The San Francisco-based foundation, which supported progressive causes such as civil rights and anti-poverty programs, closed in 2009 as a result of financial mismanagement and Cohen’s fraud.

Federal prosecutors alleged in a sentencing brief last year Cohen caused the collapse of Vanguard because its donors could no longer afford to support it after they lost millions of dollars they invested with Cohen in a phony deal concerning an electronic jukebox company.

Cohen, 55, was given the prison term by U.S. District Judge Charles Breyer in San Francisco last year after a jury convicted him in 2011 of 29 counts of wire fraud, money laundering and tax evasion.

Breyer ordered him to pay $29.7 million in restitution to more than 60 victims, including $410,000 to Belafonte and $2,758,221 to Glover.

The conviction and sentence were unanimously upheld by a three-judge panel of the 9th U.S. Circuit Court of Appeals.

According to the court, Cohen invited foundation donors to buy shares in an digital jukebox company he co-founded, Ecast Inc., and told them the share value was about to skyrocket because the company was soon to be acquired by Microsoft Inc.

The investors were told they could gain profits both for themselves and for donations to the foundation.

In fact, Cohen had been terminated from his position in Ecast and there was no deal in the works with Microsoft or any other buyer, according to the court. Prosecutors said he spent millions of dollars in investors’ money on lavish personal expenditures such as private jets, luxury cars, and European and Caribbean vacations.

Cohen told investors the purported deal was highly confidential and no one should do research on it, according to a 2010 indictment.

Among other appeal claims, Cohen argued to the circuit court that he shouldn’t have been given an increased prison term recommended under federal sentencing guidelines for cases involving “a misrepresentation that defendant was acting on behalf of a charitable…organization.”

Cohen argued the investors knew he wasn’t an agent or representative of Vanguard.

But the appeals court, in an opinion written by Judge Morgan Christen, said Cohen’s actions “fall easily within the ambit” of the sentencing enhancement.

“By approaching Vanguard Foundation donors, Cohen specifically extended his offer to individuals he knew to be inclined toward charitable giving, and he enticed them with promises that investing in the purchase of his Ecast shares would enable them to make even larger charitable gifts,” Christen wrote.

“Cohen pretended to be interested in diverting potential profit to charity and represented that the donors’ investment would inure to the benefit of a charity,” the court said.

Cohen took in the investors’ money between 2002 and 2008, according to the indictment.

In a separate fraud-within-a-fraud case, former foundation executive director Hari Dillon pleaded guilty before Breyer in 2010 to two counts of wire fraud and two counts of money laundering and admitted to embezzling at least $2.5 million between 2004 and 2007 from foundation patrons who had previously invested money with Cohen.

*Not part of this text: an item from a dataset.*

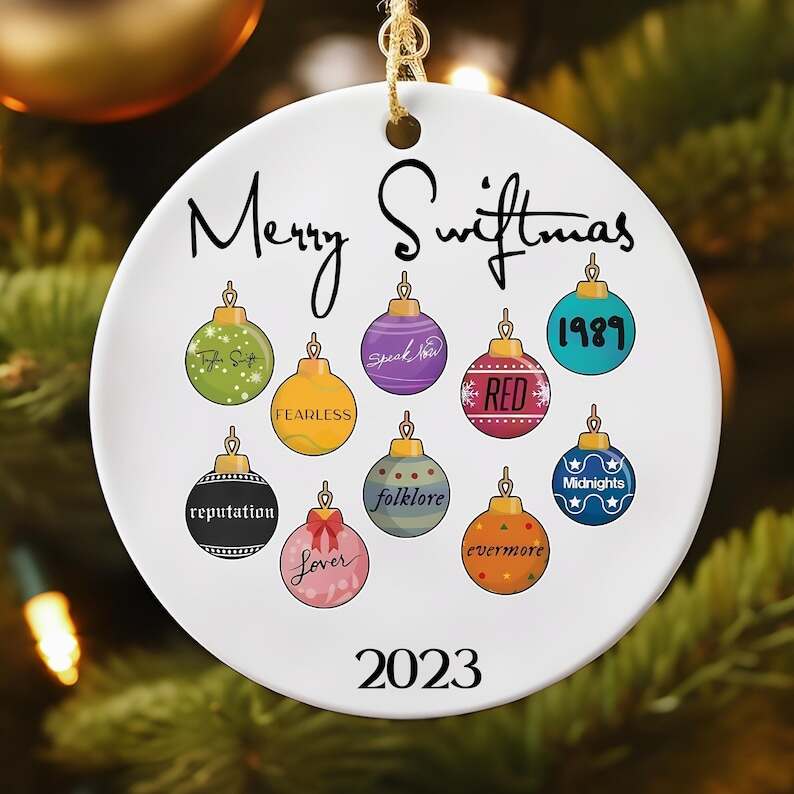 Merry Christmas Ornament - Indie Music Christmas Ornament - Electro Pop Ornament - Best Friend Gift for Xmas - Xmas Gift Decoration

Dillon admitted in his plea agreement that the embezzled money came from additional funds he solicited from the donors by telling them Cohen needed loans to pay the costs of completing the supposed deal.

But Dillon admitted that he siphoned off $2.5 million of the intended loan money for himself. Prosecutors said he spent the funds on expensive hotels, restaurants, limousines, credit card bills and his children’s tuition.

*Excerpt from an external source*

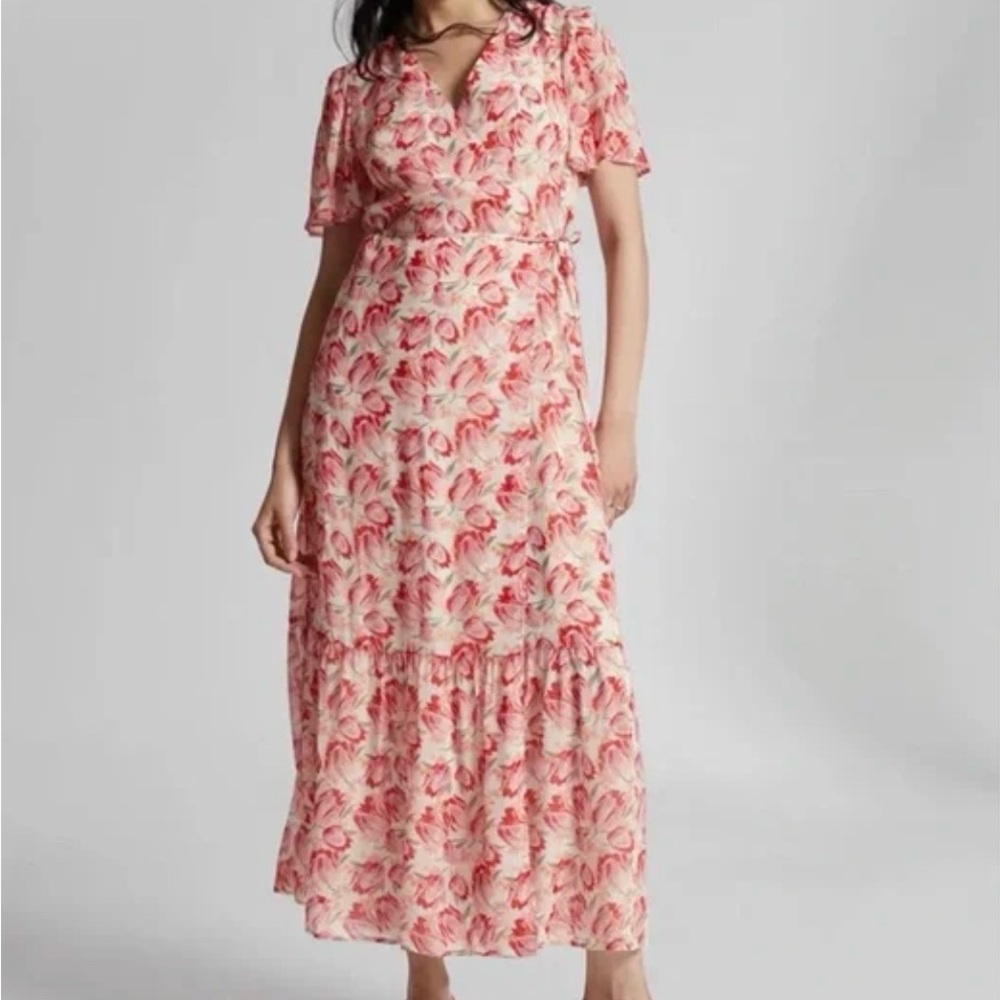 & Other Stories Pink Floral Maxi Dress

As part of his plea agreement, Dillon aided prosecutors in investigating Cohen and testified against Cohen in his 2011 trial.

In January, Breyer sentenced Dillon to three years and four months in prison.

Breyer said Dillon’s actions were “simply inexcusable” and said he had “ruined the foundation,” but said he was sentencing Dillon for his own actions and not those of Cohen or the former foundation’s board, which Breyer said had been negligent in watching over Vanguard.